The Key Food on 31st Street in Astoria has been in the Man-Dell Food Stores family for nearly 50 years.

It’s been around for so long that community members talk about the business like an old friend.


What You Need To Know


  • The Key Food in Astoria is at risk of closing by October 2020.

  • The owner of the grocery store and the owner of the property haven’t been able to come to an agreement about a new lease for more than two years.

  • The family business that owns the grocery store says that during a pandemic is no time to close an essential business.

  • The property owner says it has struck a deal with Target and that they will be signing a lease soon.

"Key Food has been here many years,” said Debbie Ayyad, a longtime Key Food customer. “I grew up in Astoria. It’s a beautiful supermarket and we would like for Key Food to stay here.”

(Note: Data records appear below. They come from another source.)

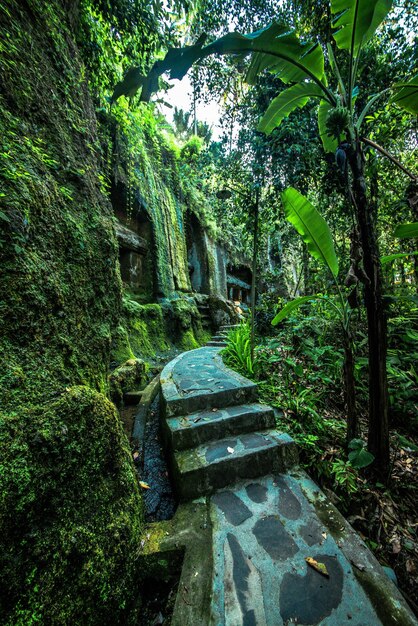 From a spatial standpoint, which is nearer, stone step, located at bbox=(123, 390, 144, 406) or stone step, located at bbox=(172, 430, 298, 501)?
stone step, located at bbox=(172, 430, 298, 501)

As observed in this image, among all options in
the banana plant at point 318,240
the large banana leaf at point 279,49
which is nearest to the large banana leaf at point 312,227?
the banana plant at point 318,240

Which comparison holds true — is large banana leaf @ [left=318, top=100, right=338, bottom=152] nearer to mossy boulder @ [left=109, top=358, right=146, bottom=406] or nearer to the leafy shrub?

Man-Dell Food Stores have been trying to keep the grocery store in the same location for more than two years.

Company officials tell NY1 that, during those two years, they've been in talks with the landlord in the hopes of staying at the same location.

Man-Dell said it still hopes that Jenel Management will reconsider a plan to allow the supermarket's lease to end, demolish the building and then allow a big box store to take its place.

The arguments made by the grocery store have gained new momentum after the coronavirus swept across the city.

"Grocery store workers are considered essential employees. Can you imagine trying to wind down a store at this time? To close by October and lay off all of these people,” said Roseann Marabello-Rivera, the CEO of Man-Dell Food Stores, Inc.

The Astoria store employs about 100 hourly and salaried employees, many of them members of the United Food and Commercial Workers Union.

With the state's unemployment rate at 14.5%, workers fear what would happen if they are laid off.

“There is no way they would be able to place all the employees in the other stores that we own,” said Key Food Assistant Manager Albert Pelliccia.

Several elected officials have joined the fight to keep the Key Food in the neighborhood. The elected officials are citing COVID-19 as a reason to keep the grocery store in place. They penned a letter to the property owner that said it was "sickening" to learn of the proposed closure "right in the middle of a global pandemic.”

The elected officials asked the owner to "at least offer Key Food a one-year lease extension to guarantee Astoria residents don’t go hungry as COVID-19 rages on.”

The CEO of Man-Dell Foods said the company is willing to make concessions, even if that means welcoming a competitor into the same building.

"We have no opposition to Target going in upstairs from us,” said Marabello-Rivera.

On Tuesday, a Target spokesperson confirmed that the company plans to open a new small-format store in Astoria in the coming years.

Jenel Management has written back to the local lawmakers who wrote them last week.

Their response said that they’ve never pursued eviction of the grocery store and don’t plan to.

It also said that after years of unsuccessful negotiations with the grocer, they finalized a new lease with a “major supermarket chain.”

They said that the lease has yet to be signed, amid the pandemic, but that they plan to do it soon.